I know when that door clicks, an underground drainage system will activate and the ocean swamping me will ebb away. Harlan had told me how this tunnel and chamber system worked during my first week here, like he’d been trying to impress me.

Ironic, that he killed so many down here and now I’ll die the same way.

My greatest fear—drowning—has become a reality.

“Cora, I’m sorry, there’s something wrong with the handle,” Spencer yells, frantically grappling with the wheel, but it continues to spin uselessly.

There’s no life-saving clunk.

No tide draining away.

No time left.

My body convulses as I know this is the end. I claw at the door as my feet leave the chamber floor. I’m floating, out of my depth, out of options.

“Cora, I’m sorry…” Spencer’s cries are lost as I submerge, and the terror shredding my insides consumes me.

This is my payback.

For murdering Harlan.

For killing my daughter.

Because in the split second before I lose consciousness, I finally admit the truth, albeit to myself.

Ava’s complete disregard for what she put me through during our final confrontation triggered something in me and when she turned away like I meant nothing, I wanted to teach her a lesson.

I wanted to scare her.

I wanted her so frightened she’d turn to me.

I wanted her to need me.

Instead, I’d pushed her to her death.

And the one redeeming thought as I drift off is I’ll finally be reunited with my daughter.

Epilogue

LUCY

Cora’s memorial is small. The only people in attendance are Spencer, Daphne, Arcania’s part-time yoga instructor, Nancy, the cleaner Babs, the beautician and massage therapist Moon, and me.

We bury her alongside Harlan and his parents in a tiny private graveyard at the back of the property that overlooks the sea. It seems fitting the burial is at dusk, when Arcania is shadowed in mauve and midnight, with dark colors and shadows that highlight its menace.

Because despite Cora’s revelation to Spencer that she drugged me into hallucinating, I’m not convinced the house itself isn’t evil. I feel it. The walls pulse with an invisible force, a low-level hum that manifests at the oddest of times. Too many have died within Arcania. Who knows what presence haunts it?

I’m not scared with Spencer now sleeping in the room next to me, though I can’t wait to leave. It’s my family's home but I can’t stay. I’m sad because despite what Cora did to harm people over the years, how she murdered her husband and daughter, a small part of me had been grateful to discover I have family beyond Mom and now that’s been taken away from me.

As for my paternal family, Arcania kept lax records—for obvious reasons, considering staff kept disappearing—so there’s no record of my father’s surname and I have no way of tracing his extended family. Mom kept zero mementoes, so that’ll be a dead-end too. It’s a shame, because somewhere out there I may have grandparents, aunts, uncles, and cousins I’ll never know.

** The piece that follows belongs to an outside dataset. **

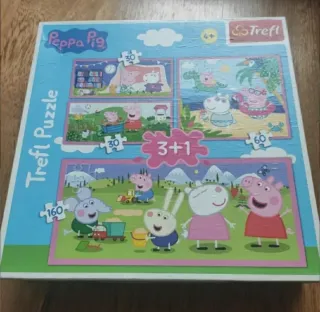 Puzzle Peppa Pig 3+1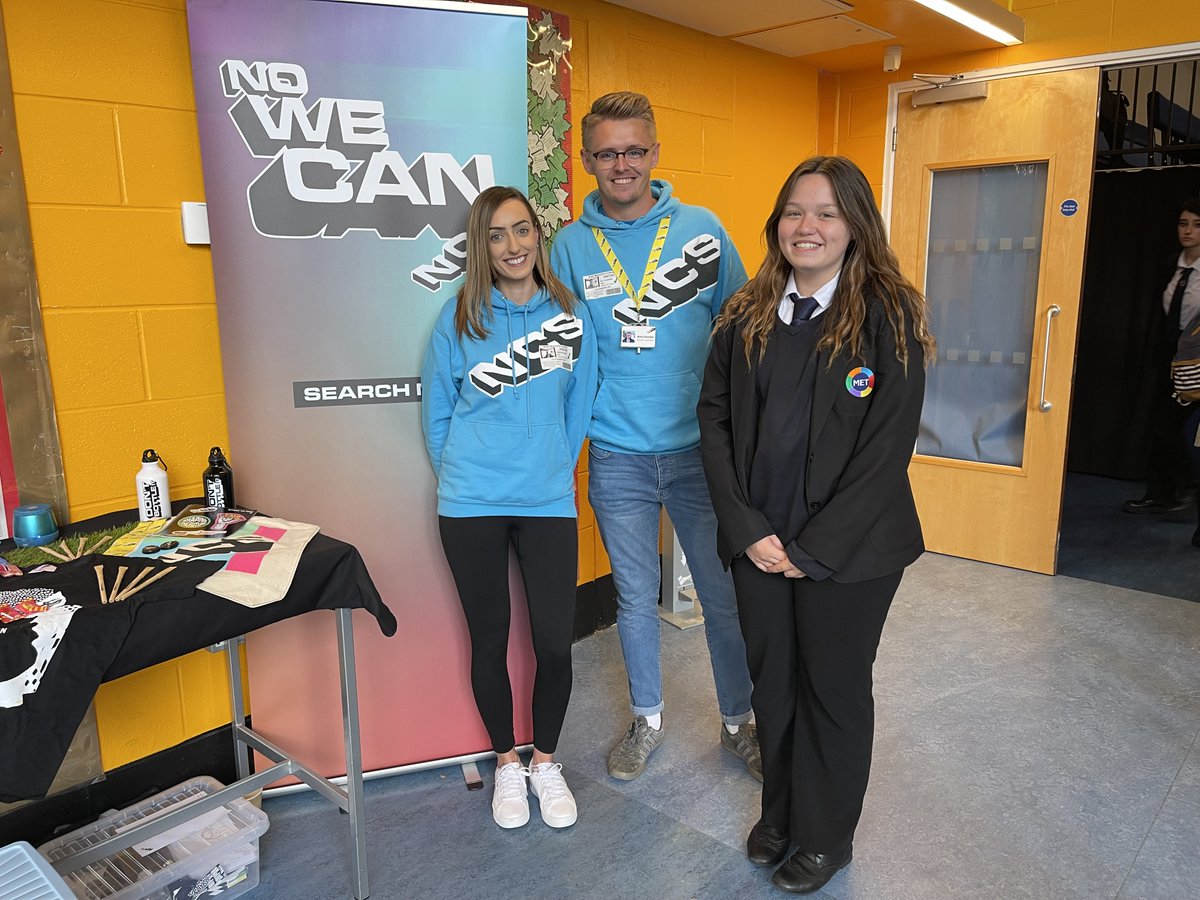 BristolMet's tweet photo. Sarah and Billy from the NCS team are joined by Jada in today's lunch time pop-up @NCS @Cabotfederation https://t.co/TUiZEB8Hfh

At least I have Spencer. He’s distraught. He blames himself for Cora’s death. His guilt has aged him ten years since the night she got trapped in the tunnel’s chamber. The lines around his eyes and mouth have deepened, his shoulders appear perpetually slumped, and his eyes lose focus at times.

He’s been nothing but kind and protective of me since I first arrived at Arcania and I wish I could make this better for him. But if he stood by my grandmother for decades then couldn’t save her, he must have deep feelings and nothing I can say or do will help.

I hope that over the next few weeks while I stay at Arcania to assist with settling affairs—namely, put the place on the market and hope a realtor can shift it fast—I can support Spencer in whatever way he needs.